Kongre örgütlenmeye ilişkin gündem maddesinde kapalı celse olarak toplanmış, bu oturuma yalnızca tam oy hakkına sahip delegeler katılmıştır. Bu kapalı oturuma rapor sunan Selim Mehmedof’un örgütlenme konusunda söylediği bazı şeyler, Bolşevik örgüt anlayışını bire bir yansıtmak bakımından dikkat çekmeye değer şeylerdir.

Selim Mehmedof konuşmasına şöyle başlar: “Biz işimizin nazariyat [teori] ve program cihetini [yönünü] bitirdik, artık teşkilât meselesine geldik. Teşkilât bizim içtimaın [toplantının, kongrenin] can ve en mühim bir noktası meselesidir. Çünkü teşkilâtın ne suretle kurulmasından, maksadımızın muzafferiyet veya mağlubiyetimize [amacımızın zaferle mi yenilgiyle mi sonuçlanacağına] bu delalet eder [yol gösterir].”

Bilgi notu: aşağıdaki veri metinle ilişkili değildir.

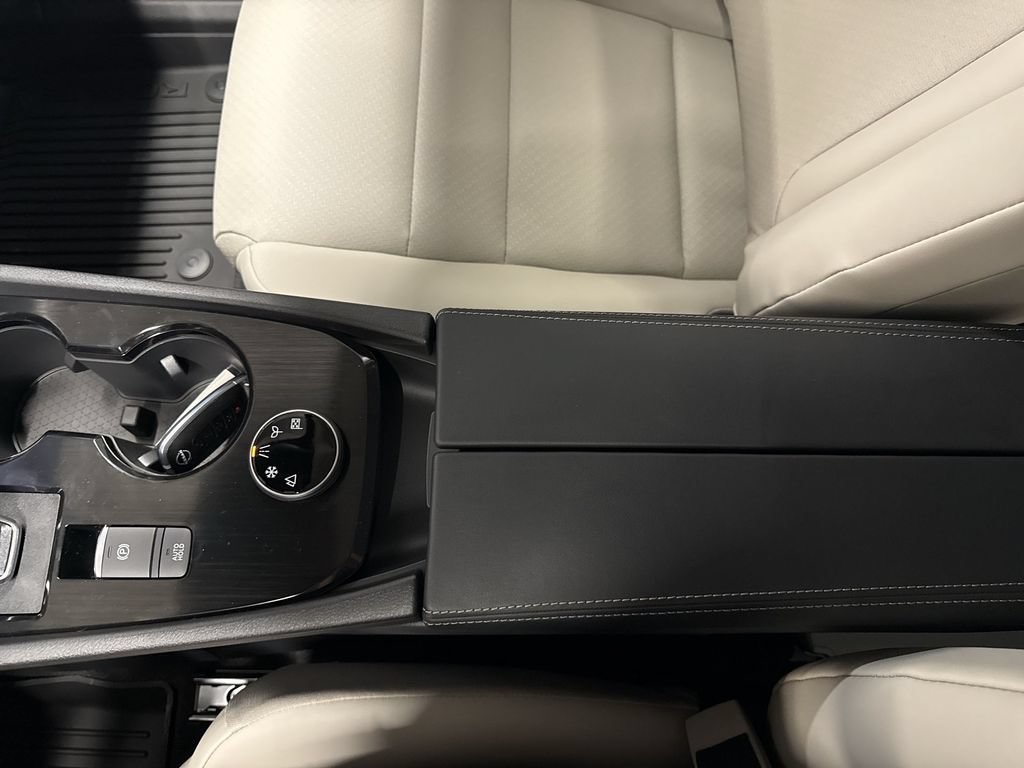 New 2026 Nissan Rogue Dark Armor AWD/4WD image 22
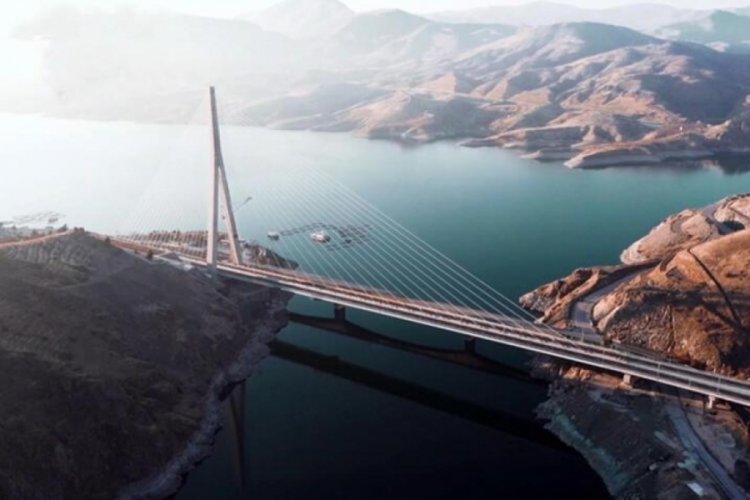 Karaismailoğlu duyurdu: K&ouml;m&uuml;rhan K&ouml;pr&uuml;s&uuml; 7,25 milyon aracı ağırladı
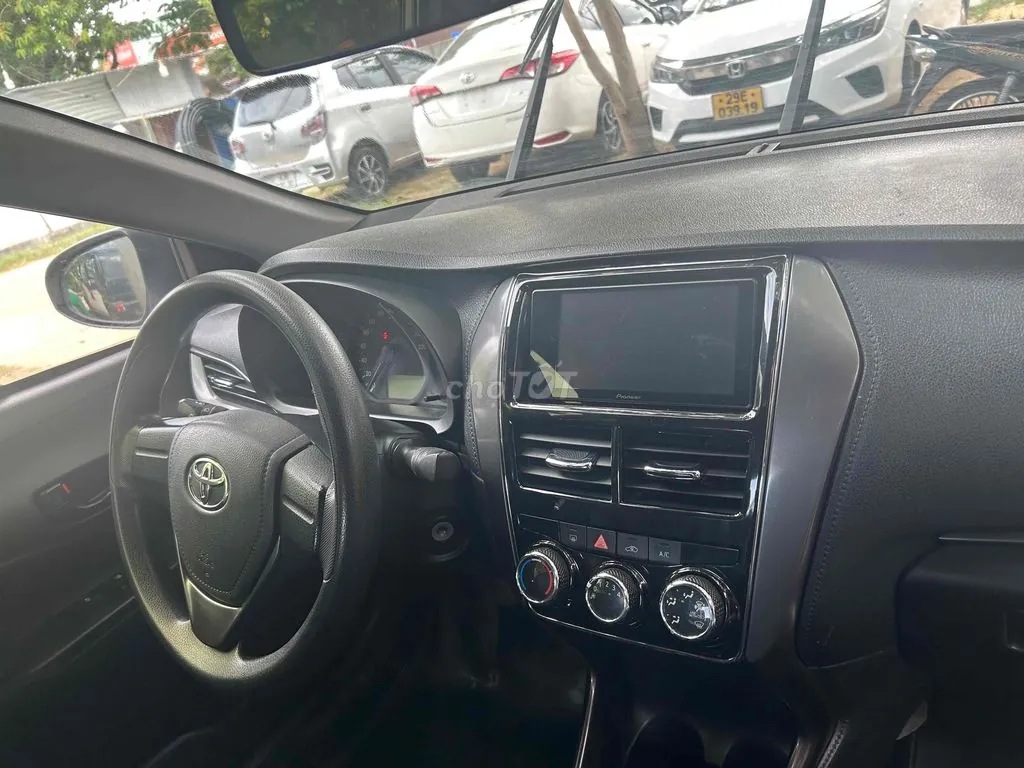 Toyota Vios 2022 photo 2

Burada örgüt meselesinin belirleyici karakteri vurgulanmaktadır. Bu, Bolşevik kavrayışı diğer bütün sosyalist partilerin anlayışından ayıran noktadır. Selim Mehmedof daha sonra şu tür noktalara değinmektedir: “Bize lâzım olan şey Üçüncü Beynelmilel’in fırka teşkili [örgütlenmesi] hakkındaki gösterdiklerini anlamak lâzım. (Biz Türkiye Fırkası’nı dahi o malum ve çizilmiş esaslara binaen [dayanarak] kurarız.) (…) Komünist Fırkası (…) (zahmetkeş [emekçi] sınıfın önünü çeviren en aklî [rasyonel], en ileri, binaenaleyh [dolayısıyla] en inkılâpçı [devrimci] bölüğüdür. (…) işçi sınıfı (ile) bu partiyi birbirine karıştırmamalıdır. (…) çünkü tarihî noktalarda işçi arasında türlü irticaî [gerici] haller olur. Bu bizim inkılâpçı komünist fırkası özünün (?) vazifesi [görevi] de kat’î olarak geride kalan bölükleri en ileri gelen bölük sırasına yükseltmek[tir].

Burada Bolşevik örgütlenme anlayışının en önemli ilkelerinin billur biçimde dile getirildiğini görüyoruz. TKF gerçek bir Bolşevik örgüt anlayışına bağlı olarak kurulmuştur.